Und damit ich nicht nur vom Essen schreibe, erwähne ich noch den Mann, der vorm Geschäft seines Sohnes (?) steht und mit den Nachbar:innen redet, so dass er mir fast einsam vorkam. Und das Projekt, von dem wir gehört haben, das mir gut gefiel, bei dem es darum geht in Schulen und Kindergärten präventiv mit Kindern zu arbeiten, weil Rassismus ja erlernt wird. Und dass Yusuf uns erzählte, dass Leute, mit denen er zum ersten Mal eine Weile spricht, manchmal ausländerfeindlich sind, aber nach einer einem kurzen Gespräch mit ihm sind sie es zwar theoretisch immer noch, aber sie meinen „naja, DU nicht“.
Es ist mehren Gesprächspartner:innen wichtig, dass unser Output Gries nicht darauf reduziert, dass hier Menschen aus 131 Nationen leben. Auch den Begriff „Integration“ sehen einige kritisch, da „der Mainstream ihn sich einverleibt hat“.
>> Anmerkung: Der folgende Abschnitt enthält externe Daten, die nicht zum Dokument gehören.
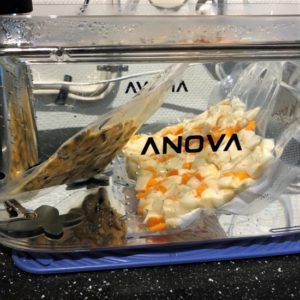 Veggies and mussels reheating in the sous vide. Veggies and mussels reheating in the sous vide.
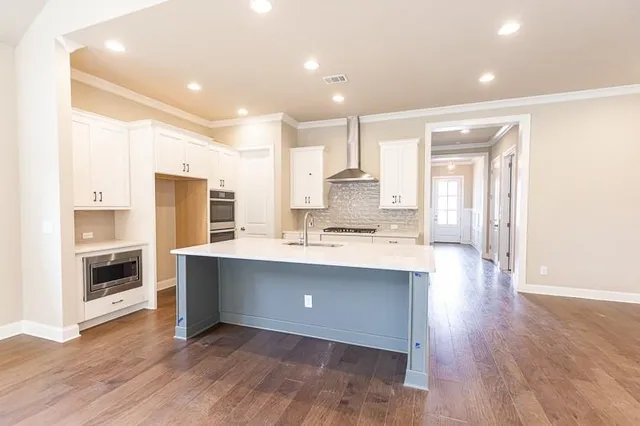 a large kitchen with a center island wooden floor and stainless steel appliances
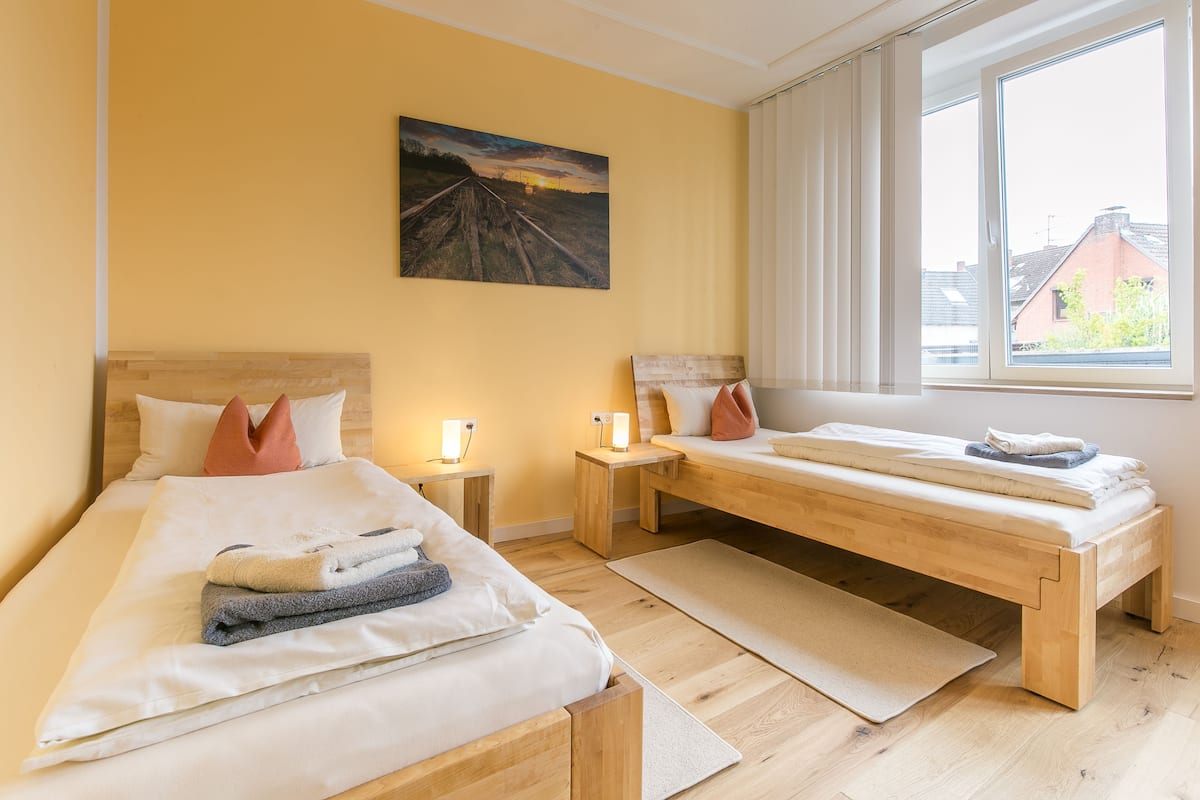 A bedroom with two beds, a bench, a painting, and a window with a view.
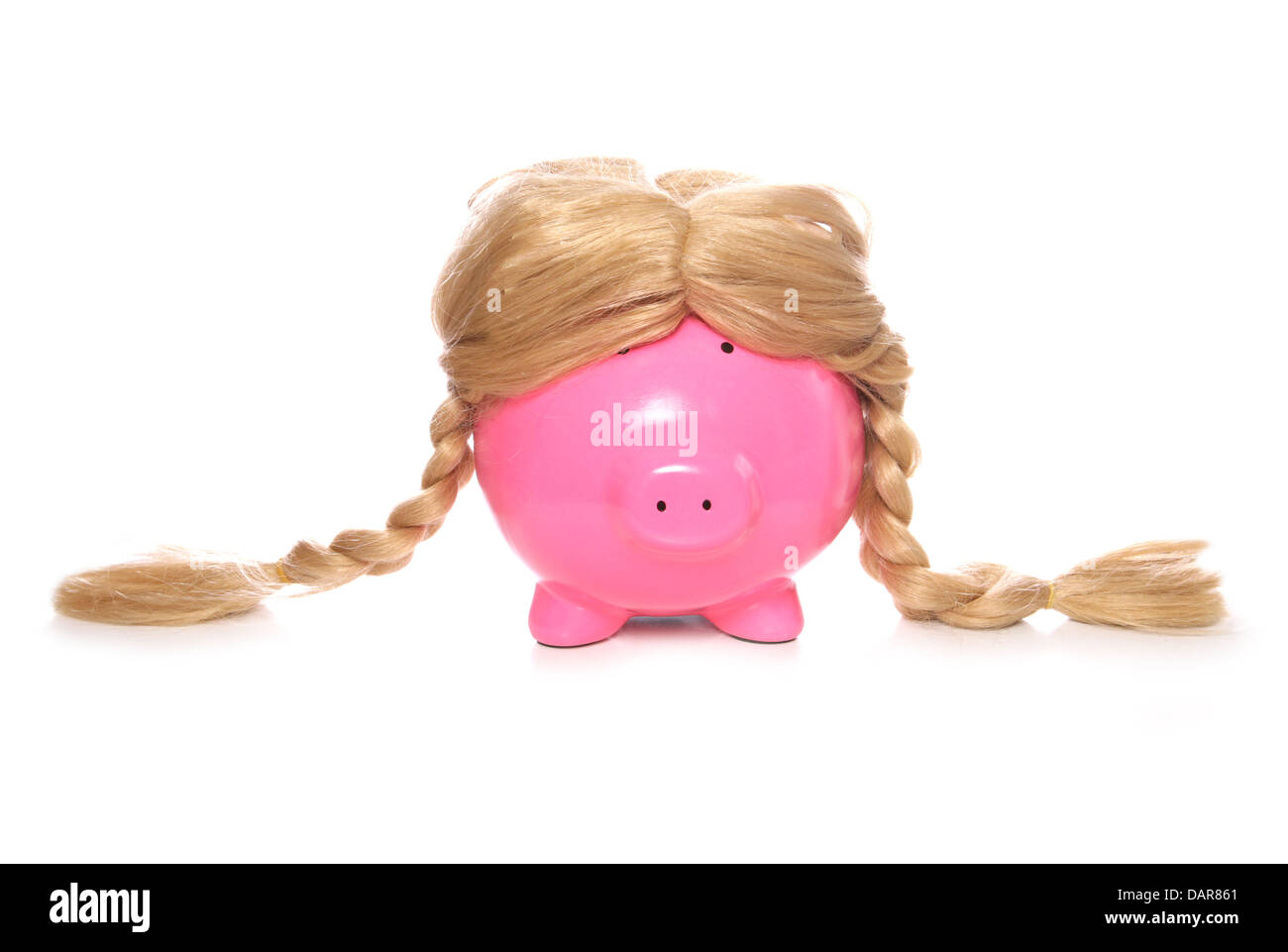 piggy bank wearing a wig studio cutout Stock Photo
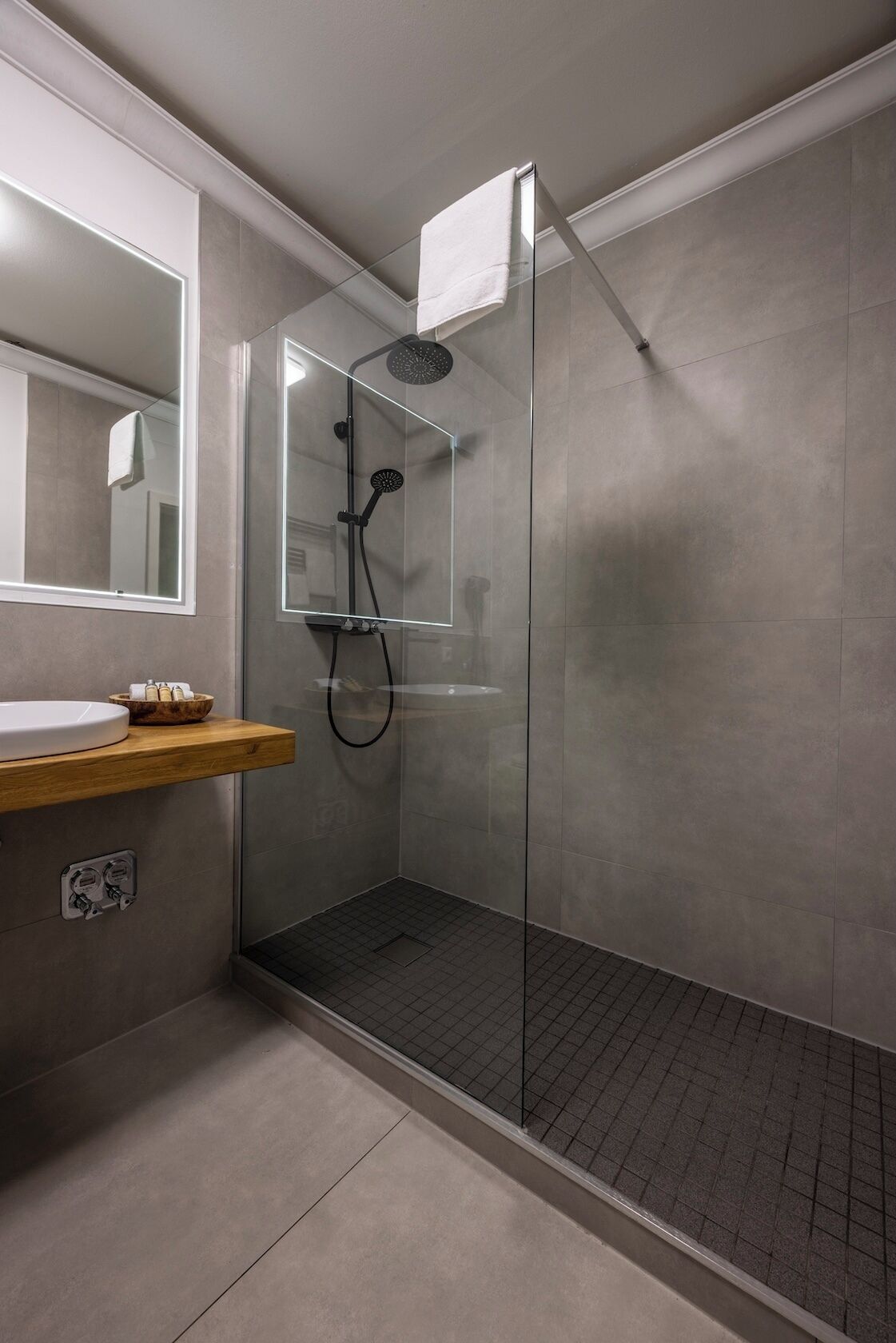 Ein modernes Badezimmer mit einer gläsernen Duschkabine, einem Holzbadezimmer-Möbelstück mit Waschbecken und einem Spiegel.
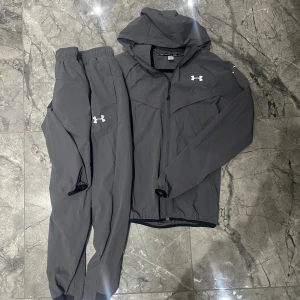 Grå träningsset från Under Armour - Säljer ett grått träningsset från Under Armour i storlek M. Setet består av en hoodie med dragkedja och matchande byxor, båda med logga på bröst och ben. Materialet är 87% nylon och 13% spandex, vilket gör det lätt och flexibelt. Perfekt för löpning och sport.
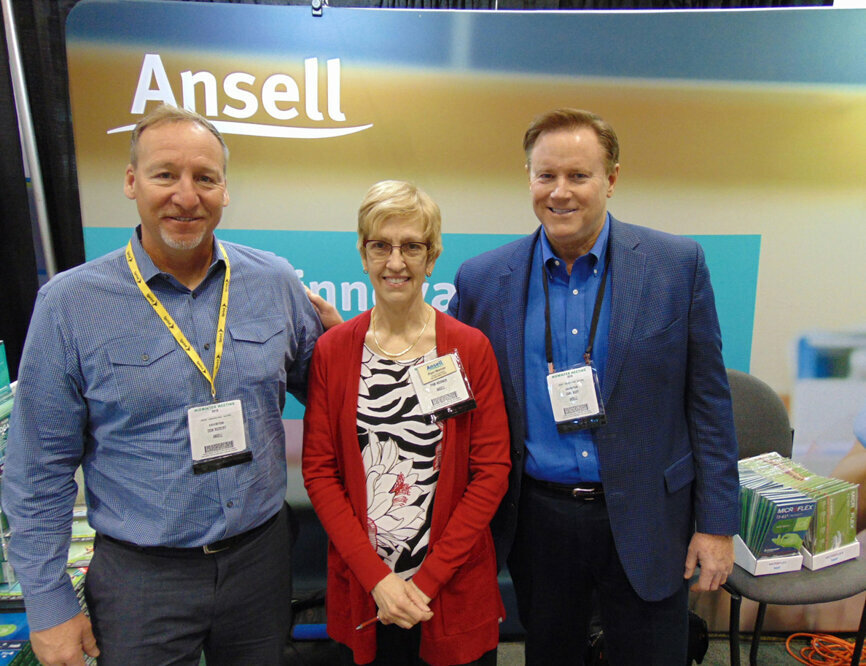 From left: Don Rickert, Pam Werner and Carl Huff of Ansell. (Photo: Fred Michmershuizen/Dental Tribune America) 
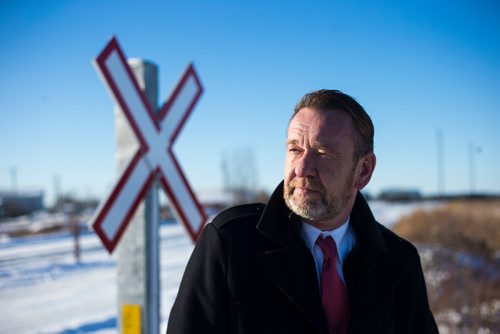 MIKAELA MACKENZIE / WINNIPEG FREE PRESS
Neil Greenslade, a Winnipegger who served as assistant superintendent with Canadian Pacific for three decades, poses by the tracks in Winnipeg on Monday, Dec. 31, 2018. 
Winnipeg Free Press 2018.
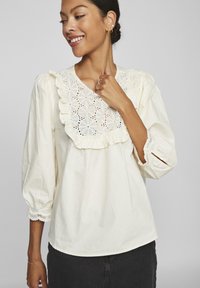 Blouse blanche avec des détails en dentelle festonnée et des découpages floraux au niveau du col. Comprend des manches bouffantes et des bords de bas décoratifs.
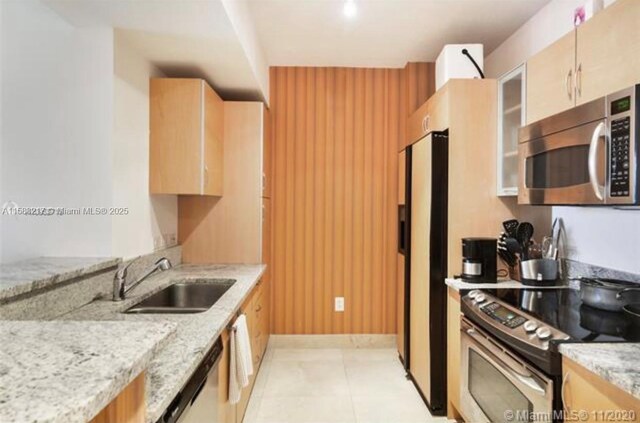 18800 NE 29th Ave Unit 520, Aventura, FL 33180 - kitchen featuring stainless steel appliances, a sink, light stone counters, glass insert cabinets, and light brown cabinets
Viele Eindrücke und Informationen werden auch noch Zeit brauchen, sich „zu setzen“ – aber dennoch diskutieren wir weiterhin mit viel Energie über mögliche Kunstprojekte (mehr als Kunstobjekte). Das wird wohl auch die nächsten Tage noch so sein. Und so lerne ich auch noch mehr über Kunst und was wie umsetzbar ist oder nicht. Danke an meine WG-Kolleginnen für eure Geduld mit mir!